RNN for NLP
Explore vanilla recurrent networks and bidirectional variants.
Recurrent Neural Networks (RNN)
Recurrent Neural Networks (RNNs) are a class of artificial neural networks designed specifically for processing sequential data, such as time series, audio, or natural language text.
How RNNs Differ from Feed-Forward Nets
Feed Forward (Standard DNN)
A standard neural network processes the entire input all at once and has a fixed input size. It has no concept of "memory" or order.
Recurrent (RNN)
RNNs process sequences step-by-step. They maintain a Hidden State (a memory vector) that gets continually updated as it reads through the sentence word by word.
Level 1 — Building an RNN in Keras
RNNs excel at sequence classification (like sentiment analysis). Here, we process words sequentially to determine if a review is positive or negative.
from tensorflow.keras.models import Sequential
from tensorflow.keras.layers import SimpleRNN, Dense, Embedding
vocab_size = 10000
embedding_dim = 32
max_sequence_length = 100
model = Sequential([
# Turn positive integers (word indices) into dense vectors of fixed size
Embedding(input_dim=vocab_size, output_dim=embedding_dim, input_length=max_sequence_length),
# Vanilla RNN layer: maintains a 64-dimension hidden state across time steps
SimpleRNN(64, return_sequences=False),
# Binary classification output layer
Dense(1, activation='sigmoid')
])
model.compile(optimizer='adam', loss='binary_crossentropy', metrics=['accuracy'])
model.summary()
Level 2 — Bidirectional RNNs
A standard RNN only knows what happened before the current word.

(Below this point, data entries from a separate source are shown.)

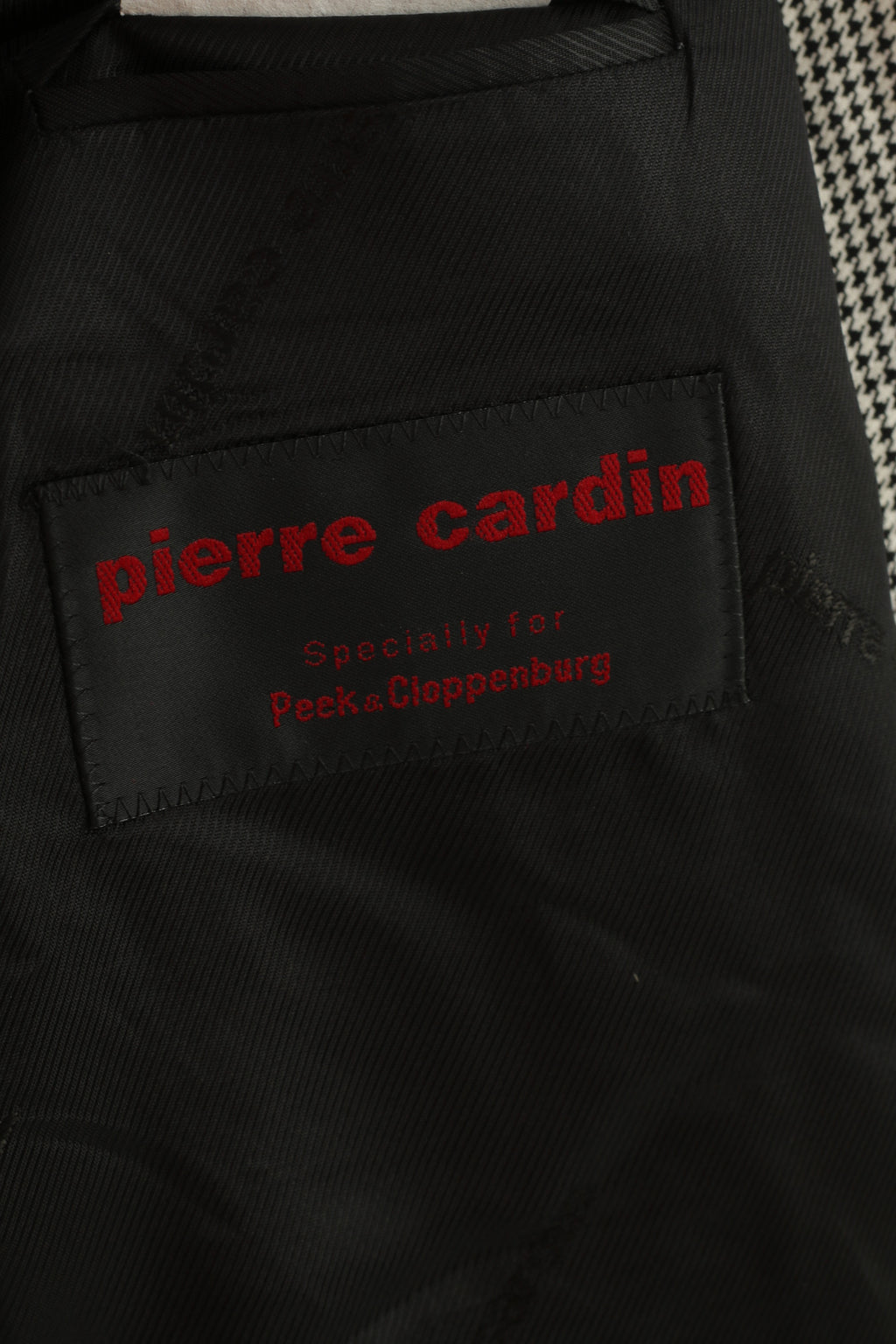 Pierre Cardin Men 102 L Blazer Black White Pattern Checkered Silk Wool Blend Single Breasted Jacket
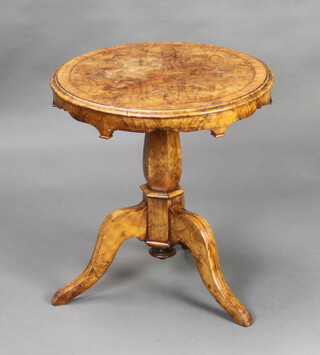 A Victorian circular inlaid figured walnut occasional/wine table with quarter veneered top raised on turned column and tripod base 56cm x 54cm 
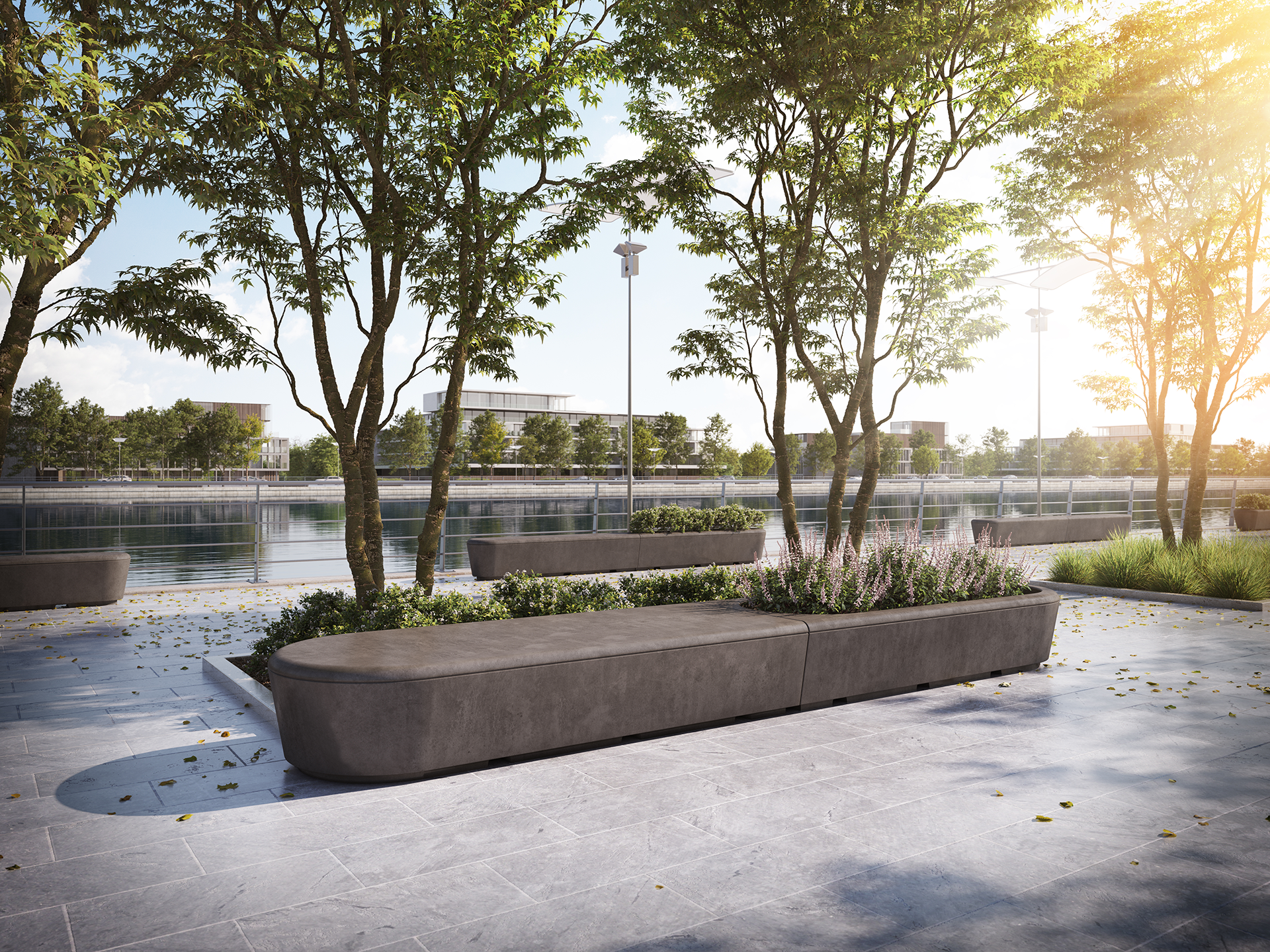 Zit en kijk uit over het water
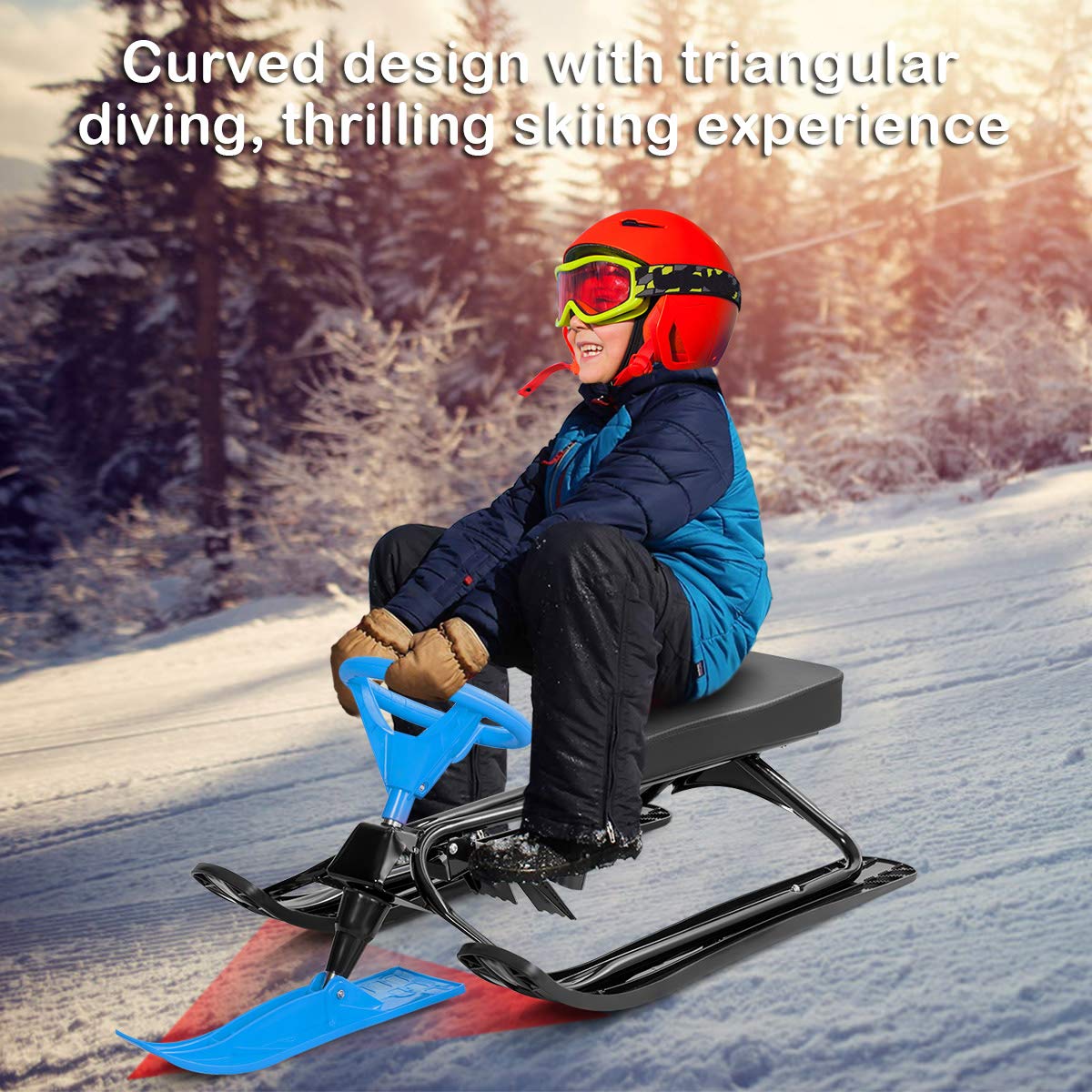 Goplus Steering Ski Snow Racer Sled with Twin Brakes, Steel Frame and High Density HDPE Sledge for Teens and Kids Age 3 and Up (Blue)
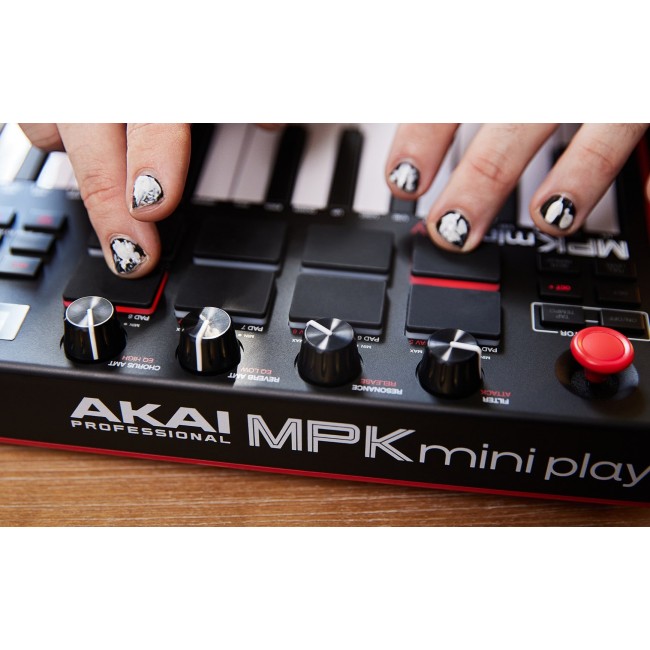 AKAI MPK Mini Play MK3 Control keyboard Pad controller MIDI USB Black, Red AKAI MPK Mini Play MK3 Control keyboard Pad controller MIDI USB Black, Red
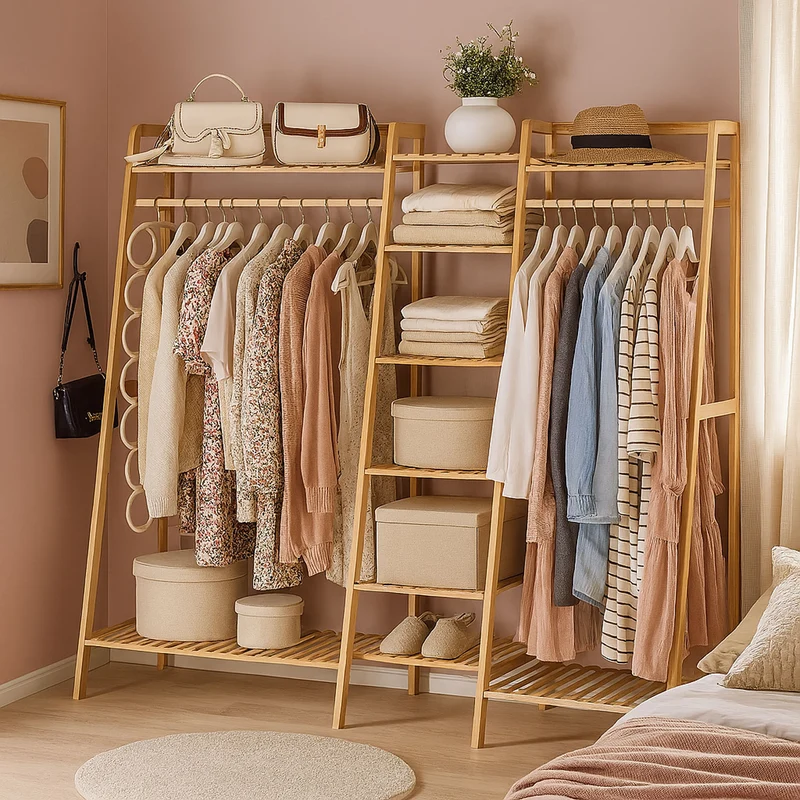 Neo Natural Bamboo Freestanding Open Clothes Rail & Shelves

A Bidirectional RNN processes the sentence going forwards AND backwards simultaneously, concatenating the hidden states. This provides full context of the whole sentence!
from tensorflow.keras.layers import Bidirectional
bi_model = Sequential([
Embedding(input_dim=vocab_size, output_dim=embedding_dim),
# By wrapping the RNN in Bidirectional, Keras automatically handles
# the forward and backward passes and combines them.
Bidirectional(SimpleRNN(64)),
Dense(1, activation='sigmoid')
])
The Core Flaw: The Vanishing Gradient Problem
Why don't we use purely Vanilla RNNs? As an RNN processes a very long sequence (like a paragraph), during backpropagation, gradients are multiplied many times. Values smaller than 1 quickly disappear to 0 (Vanishing Gradient). Result: A Vanilla RNN suffers from short-term memory and forgets the beginning of a sentence by the time it reaches the end. This led to the creation of LSTMs!